The competition has found itself based around the notion of the 'caliphate' - only mentioned three times in the Quran but suddenly embraced as the answer to what Moubayed describes as the absence of strong Sunni leadership across the region which has developed into a Sunni identity crisis.

ISIS's caliphate knits together a steady growth in 'Jihadi movements' in Iraq and Syria. In Syria Moubayed explains that before the Arab Spring 'Jihadi pockets were mushrooming throughout the country, with or without the knowledge of the Syrian authorities'. So the sudden and rapid emergence of ISIS shouldn't come as a complete surprise.

The scale of the group's control is clearly laid out - between 35,000-50,000 fighters controlling over 35,000 square miles of territory (an area as large as Great Britain) with a population of over 6 million (larger than Denmark). Moubayed goes into detail around the balance of national and foreign fighters. Interestingly over 60% of Jabhat al-Nusra are Syrian compared with 10% of ISIS.

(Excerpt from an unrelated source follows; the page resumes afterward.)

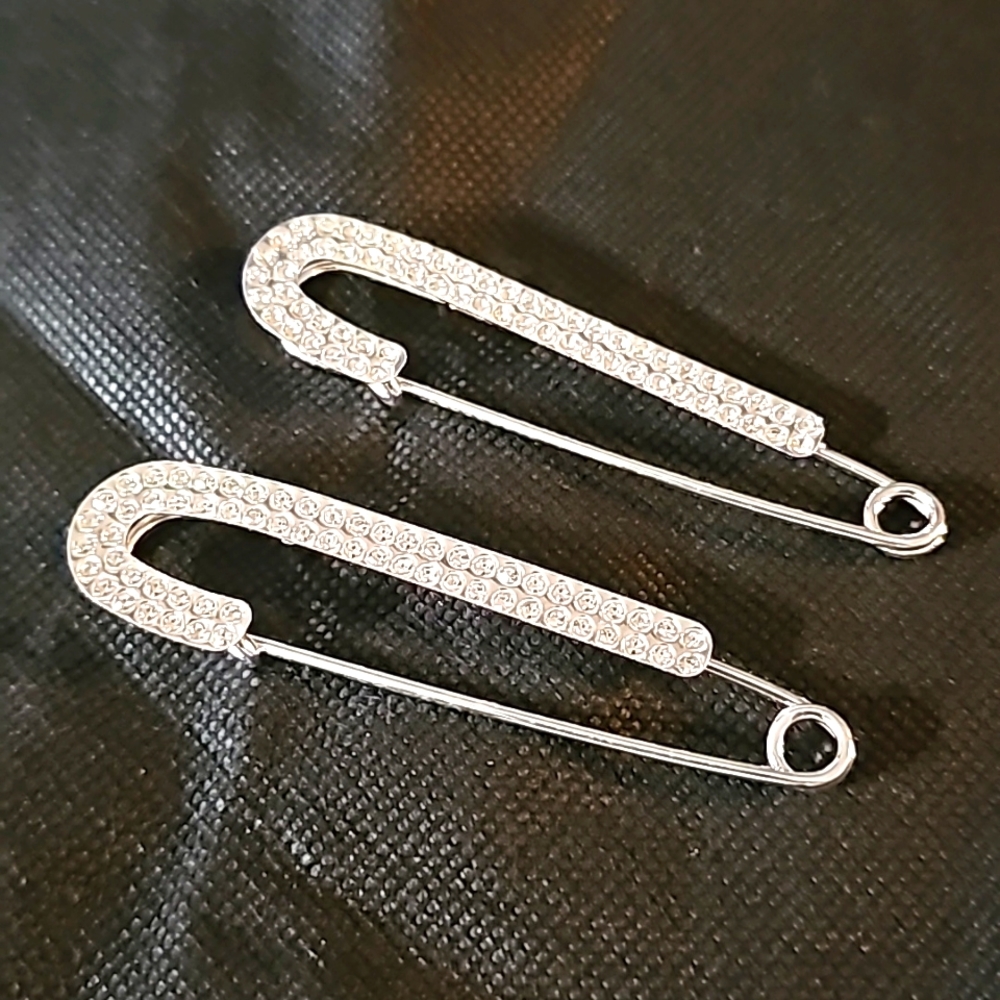 Silver Rhinestone paper clips.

The caliph himself, Abu Bakr al-Baghdadi, is profiled and comes across as an avid football fan who carries a photo of his mother in his wallet, speaks English, googles himself, loves wearing black and protected himself by marrying into the Duleim tribe. His methods of running his caliphate - through devolved power to local councils, landlord licensing, rent caps - not to mention a mechanised jihad that uses professional communication techniques to spread fear and coordinate networked fighters is fascinating.